Kemal almost staggered from the weight of relief that dropped into his chest. But he would rather burn in the pits of Zorva before showing any of that to Fallon. “I am pleased you have seen sense. Both our peoples will be grateful for this day. Let it be so,” he said.

He watched Fallon walk away and turned his back before he closed his eyes and offered up a small prayer. Aroaril willing, everything would work out now. It was not the same as taking back that fateful night when Fallon had broken him but it was a first step.

*

“Have we got the scribes? Get the treaty drawn up, then get drinks and food for the signing, as well as supplies for their trip home,” Fallon announced as he walked back down the gangplank.

Bridgit broke away from Brendan and hurried to his side. “What are you saying? Does this mean you have agreed to give his family back?”

Fallon sighed. “It was either have a treaty now or he would walk away and return in spring to burn Gaelland. I looked into his eyes when he gave in before and agreed to bring you back. But there was no give in his eyes this time. You were both right and wrong. He was prepared to let his family die in exchange for his revenge. The revenge meant more to him than they did.”

Her shoulders sagged for a moment, then her eyes blazed. “It is not too late,” she said. “We can—”

“Bridge, it is done,” he interrupted. “The die is cast and we must hope that Feray can bring him to his senses. She could be our best weapon against a Kottermani attack. Staying here just means there
will
be an attack, one we cannot hold back. We have no choice but to trust he will uphold the treaty we will sign.”

“I hope you do not regret this moment,” she warned.

He let out a bark of humorless laughter. “You are not the only one,” he said. “But at least it gives our people a chance. And I need you to support me. If we are to make it through this, then we need to work together.”

“As long as you listen to me, there will be no problems,” she assured him.
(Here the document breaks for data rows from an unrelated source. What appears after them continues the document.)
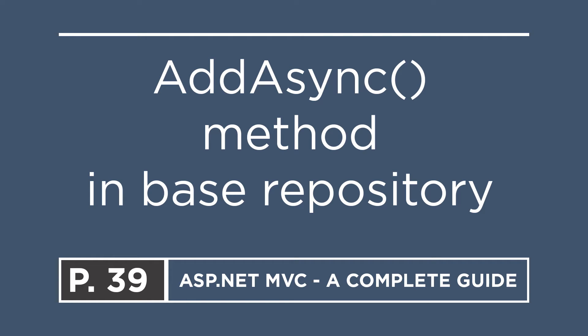On this part, we are going to implement the addAsync method in the generic base repository. So for that, let us go to Visual Studio.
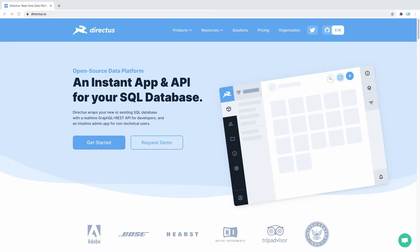To summarize, Directus cares about your data. You will be controlling how it's organized, stored and optimized.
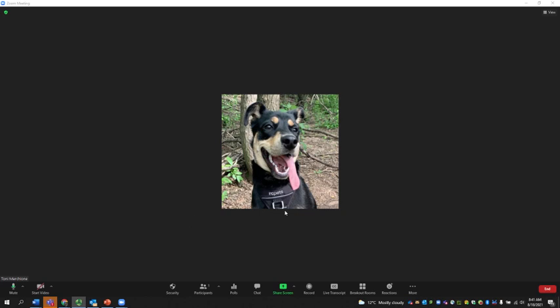once you're in your Zoom room, it's an option here at the bottom of the screen.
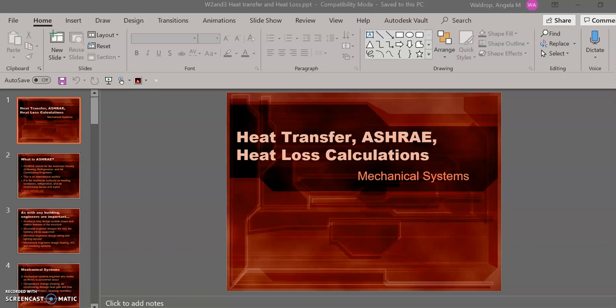So this presentation, we're going to be using one PowerPoint, and the first half is going to be about heat transfer. So that's what we're going to talk about first.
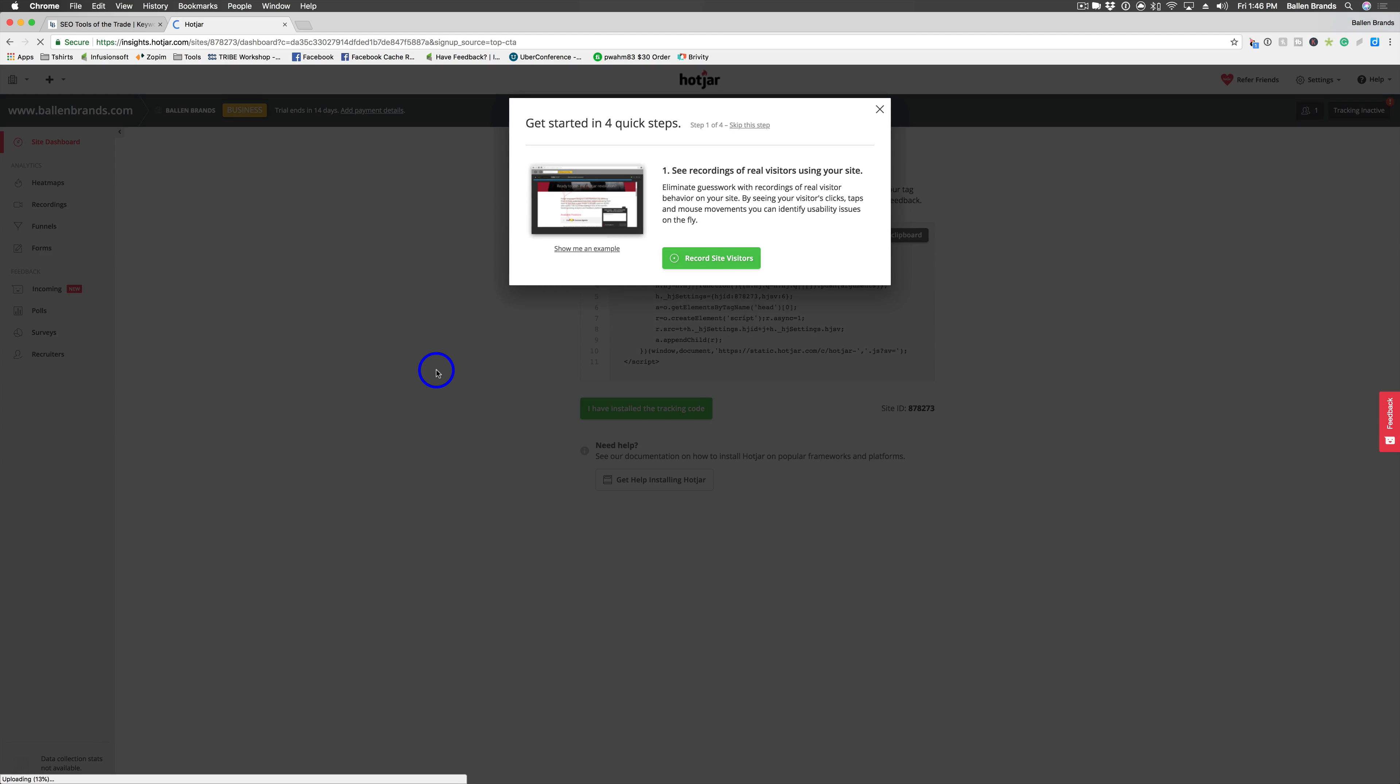So then that is the basics of creating your account. And if you have any questions, you can contact us at team at Ballen brands.com.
Kemal watched the harbor of Berry slip past on either side before nodding to Gokmen. “I shall be going below to my cabin. Sail to our meeting point and tell me when we reach it,” he ordered.

“Your will, high one,” Gokmen bowed.

Kemal walked past his men without a backward glance. They had watched him sign the new treaty and drink a glass of wine with Fallon without emotion. He was also proud he had welcomed his family back without any fuss. The men had been told his family had stayed behind in Gaelland as proof the new land was safe. He did not know how many believed it, nor did he care. Their lives were forfeit if they even whispered of it. But now there were no cursed Gaelish watching, so he hurried below.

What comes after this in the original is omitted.